It is incredibly easy to form biases and assumptions. We humans are pattern-seeking creatures. We categorize the world into “like” groupings to simplify and condense the wealth of data points we encounter and the even greater expanse of data points we don’t.
In sixth grade, I had a very nice school principal. He was nice to me personally, which helped heal some of the damage from my previous school where I’d been bullied. He was a polio survivor and walked with a severe limp. From this sample size of one, I determined that polio survivors are nice people. In later years as I studied FDR in American history, I deduced he must also be a nice person, without consciously thinking about why I felt that way.

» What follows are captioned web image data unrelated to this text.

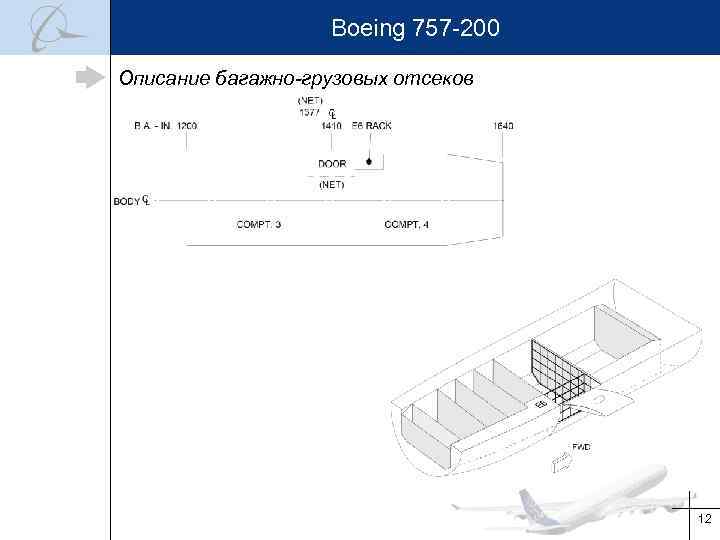 Boeing 757 -200 Описание багажно-грузовых отсеков 12 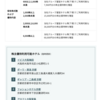 ウェルス・マネジメント(3772）から6月権利の優待券が届きました🙂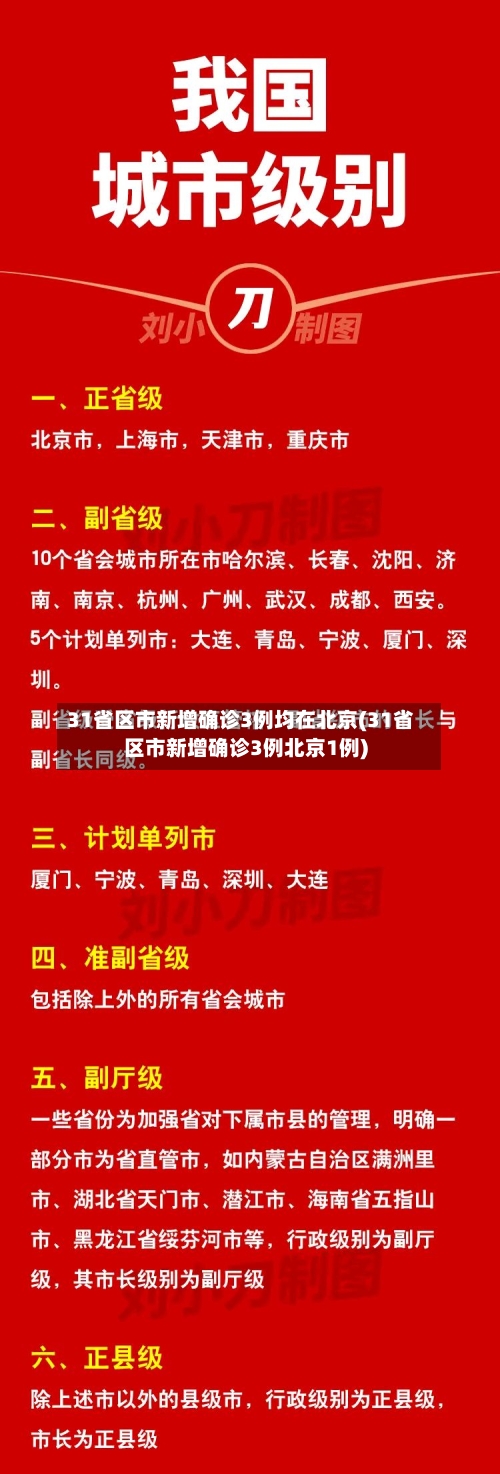 31省区市新增确诊3例均在北京(31省区市新增确诊3例北京1例)-第2张图片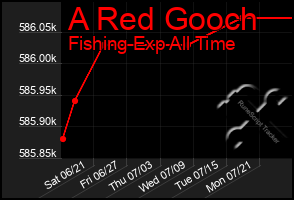 Total Graph of A Red Gooch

This is a bias I just realized I have today. Granted, it’s a positive stereotype. But you can see how a negative one could be formed just as easily. If my elementary school principal had been cruel, gruff, or simply too busy for students, I just as easily could have formed the negative stereotype that polio survivors are pricks.
Majority privilege (or one aspect of it) is basically never having to worry that you’re being the representative for an entire identity group – a class or race or gender or disability or sexual orientation. No one ever expects me to represent the white race. No one expected the first 43 white US presidents to be representatives for the white race. But Obama is most certainly held to a degree of racial scrutiny no white candidate has ever had to deal with. Love or hate his politics, recognize that if you’re white like me, you have a privilege that even the President of the United States of America doesn’t, because you and I had two white parents.
I don’t know the solution. For now, I’ll continue trying to question my assumptions, view people as individuals, and try to question my biases. If you have solution ideas, please share them in the comments.
You really hit the nail on the head with this post. Thank you for bringing this issue to light. And furthermore, I just discovered your YouTube channel, and I’m hooked. Your Autism & Vaccine video should be a public broadcast message — it would save SO many lives. Thanks for spreading the word!